Видимо, вдохновленный этим замечанием, Эз спросил:
– А правда, что в лимбо живут черти?
Улл ухмыльнулся.
– Скажем так, мы в лимбо не единственные ныряльщики. Есть особые теневые существа и даже подобия растений и насекомых, обитающие только в этом пространстве – своего рода флора и фауна. Они разрушают нестойкие анимограммы своим внутренним светом, что похоже на поедание трупов подземными червями. Существа из других слоев сознания тоже заглядывают в наше измерение через темный лаз лимбо. Все это в конечном счете связано с действием света. В лимбо чаще всего проникает не ясный свет сознания, а его зыбкие отражения. Вы подробно изучите это со временем.

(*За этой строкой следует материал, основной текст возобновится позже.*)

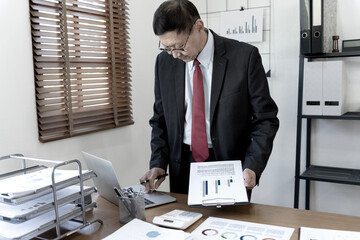 close up image of manager on desk, executive marketing analyst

– А покойники могут напасть на вампира?
– Могут, – сказал Улл. – Но я бы на их месте не стал.
– А вампир может общаться с несколькими покойниками одновременно?
– Может.
– А эти покойники увидят друг друга?
Улл улыбнулся.
– Покойники на самом деле не видят даже вас. Но это может выглядеть так, словно они видят. И вас, и друг друга. У каждой анимограммы свое независимое пространство.
– Если у каждой анимограммы свое пространство, – сказал я, – то как все эти пространства связаны друг с другом? И почему мы тогда говорим, что эти анимограммы находятся в одном лимбо?
Улл задумался.
– Хороший вопрос, – сказал он. – Нельзя сказать, что все эти анимограммы находятся в одном месте. Потому что такого места нигде нет. Туда нельзя добраться ни на ракете, ни на подводной лодке. Все это просто разные состояния нашего собственного сознания – по сути, мы сами в другой фазе. Но во время опыта нам действительно кажется, что мы перенеслись в другое место. Поэтому в определенном смысле так оно и есть.
– А пространство анимограммы большое? – спросил Тет.
– Со всю вселенную.
– Как долго можно общаться с покойником?
– Долго. Но не бесконечно. Это просто долистывание анимограммы, к которой потерял интерес Великий Вампир. Как бы донашивание старой вещи. Она может разорваться в любую минуту. Поэтому в лимбо нельзя терять времени.
– А мы оставляем на анимограммах следы?
– Бывает. Но вампир-ныряльщик должен стремиться к тому, чтобы все его действия были по возможности бесследными. Это, если угодно, мера нашей профессиональной подготовки.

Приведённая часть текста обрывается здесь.